We see where rollovers are occurring frequently on services to both the USWC and USEC. Carriers are
reinstating some sailings, but the tight space situation will likely continue through at least July. Spot
rates are holding steady, even ticking up slightly over the last week. Some carriers are asking for
premium surcharges to guarantee space on short notice – essentially early peak season charges in
exchange for priority loading on overbooked vessels.

It’s unclear whether this strong demand will continue into the next quarter; it may be a temporary
increase to replenish inventory, or it may be a sign of gradual improvement as world economies start to
reopen from pandemic shutdowns.

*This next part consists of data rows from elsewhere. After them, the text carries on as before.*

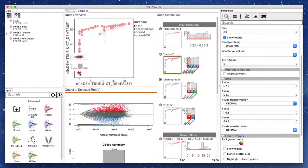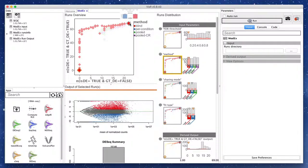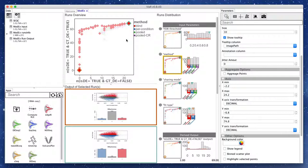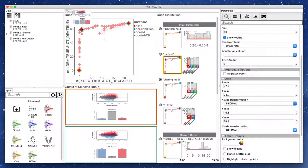Clicking on the data point for a run shows the plot generated by the computer model after executing that run. Multiple runs can also be selected. Here we compare runs on the far ends of the Pareto set with a mid-range one.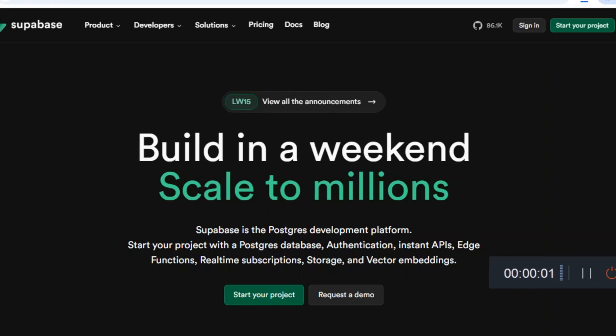How to export a Supabase database? Hey everyone, welcome to this quick guide on exporting your Supabase database, perfect for backups or migration.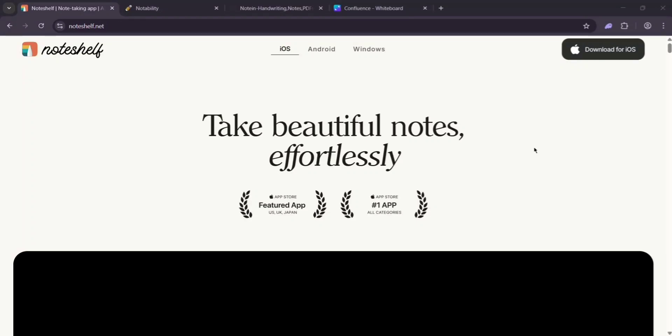Hey everyone, today we're comparing three awesome note-taking apps: Node Shelf 3, Notability, and Note In. I'll break down what each one offers, then we'll see what is best for what. Let's dive in.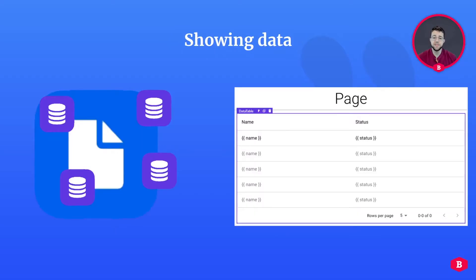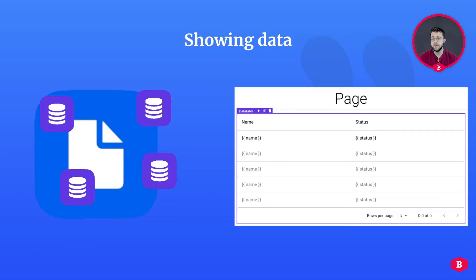Your page can use a data model to display data on a page. This can be in the shape of a data table listing all the projects that you're working on, or a profile page displaying all the user information. An example would be your Facebook or your Instagram page — it displays all the data that you as a user have put up there.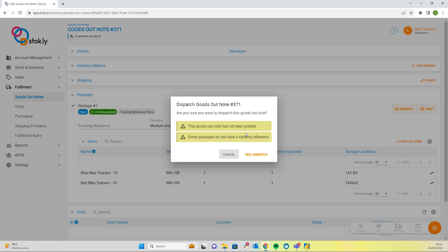So this has been packing using the PC, the Stockly back office in conjunction with tote picking on the stock app.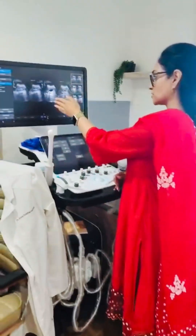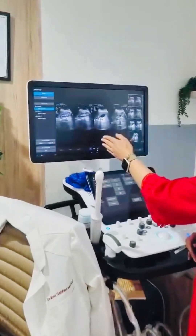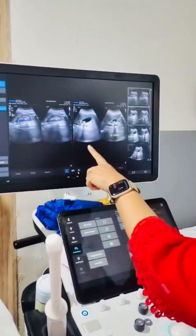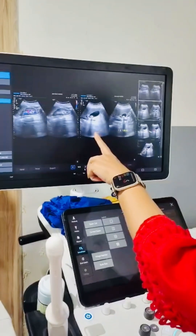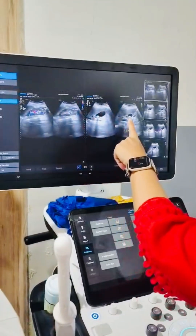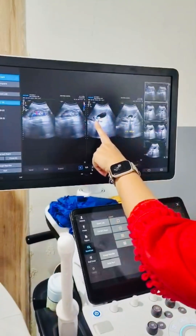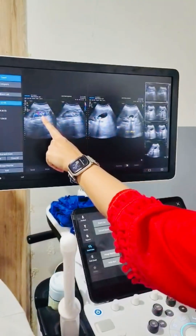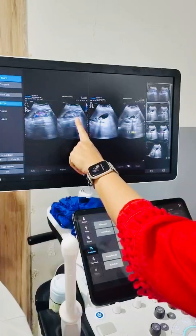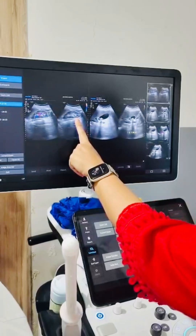Here comes a patient with pain in the right upper abdomen. On ultrasound, identify which organ is this in the right upper abdomen.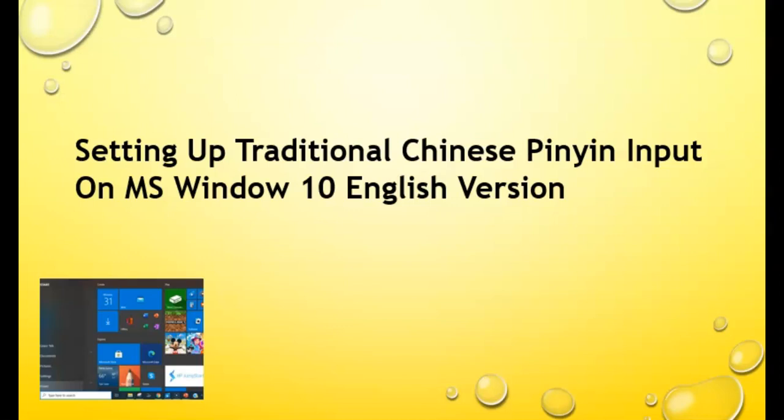This video is going to show you how to set up traditional Chinese Pinyin input from keyboard on Microsoft Windows 10's English environment.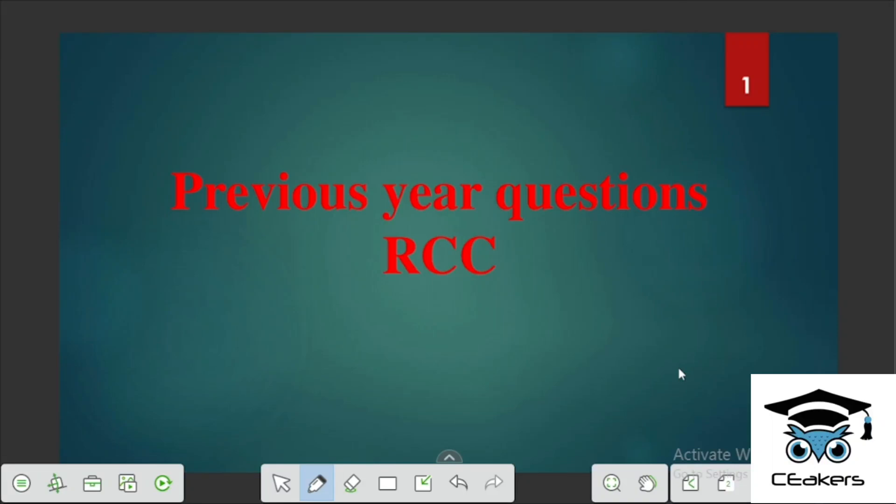Hello everyone! Welcome to Seekers! We are discussing the questions about RCC from the previous season. Let's go to the next question.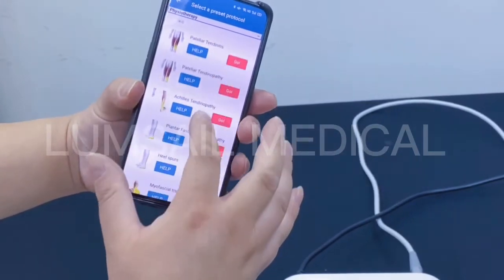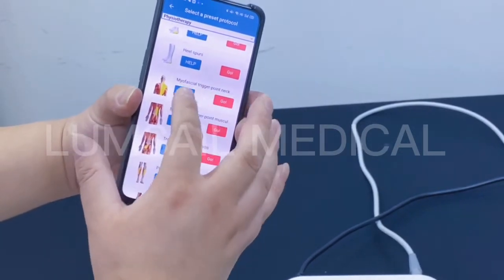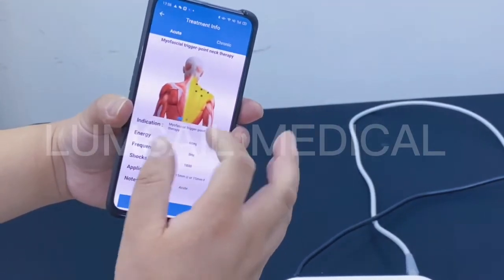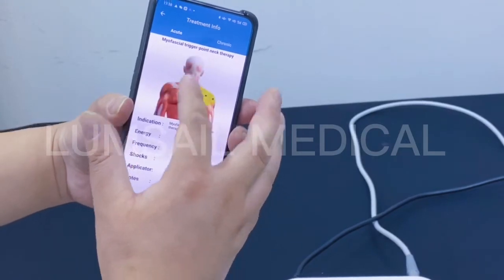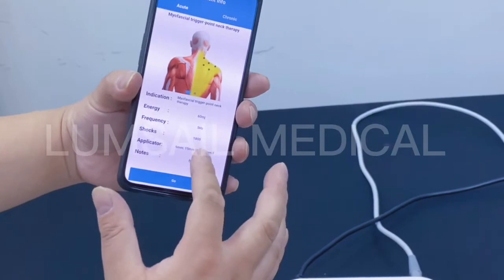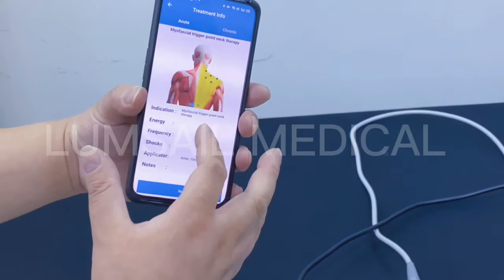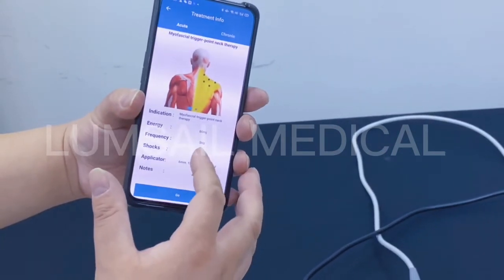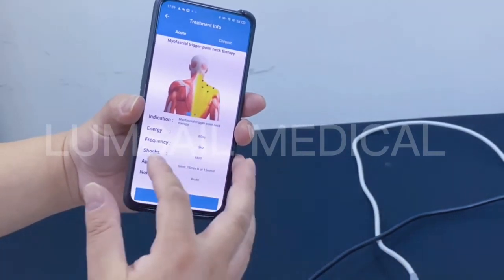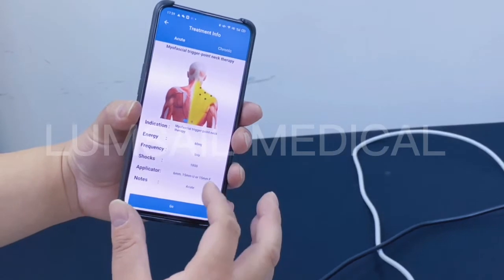We choose the 'myofascial therapy trigger point' protocol. You can see it has acute or chronic treatment types, a photo showing how to perform the treatment and where the trigger points are located on the body. Below there is a detail table with the description of the treatment — how to set the energy and frequency, how many shots will be done in one session, how to select the applicator and handpiece, and a notes field you can modify.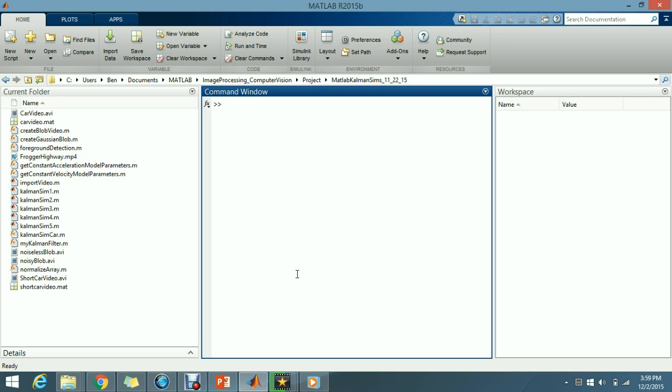So that is called CommonSim3 and I'm going to run it. Now this program actually takes a little while to run, so whenever it's finished I'm going to show you the results.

The Alliances announced aggressive blank sailings for Q3 – 75+
sailings so far, a sign that they are not overly optimistic about the outlook. Carriers are still seeing
volumes at significantly lower levels than the same time last year. They are, however, planning the first
official first peak season surcharges for July. What is clear is that carriers will keep capacity tight to
maintain higher rates.

Early booking and forecasting are critical – forecasts at 6-8 weeks out and bookings at 3-4 weeks prior
to cargo ready date are highly recommended. We urge you to proactively communicate any specific
space needs to your dedicated CVI customer service or sales representative.

We are seeing new “speed” ocean services being launched, with 12-day transit from Yantian/Da Chan
Bay to LA. With quick rail connections to major IPI points, you may find this service attractive. Just
know that it is priced at a steep premium! Again, please reach out to your dedicated CVI customer
service or sales representative for more information.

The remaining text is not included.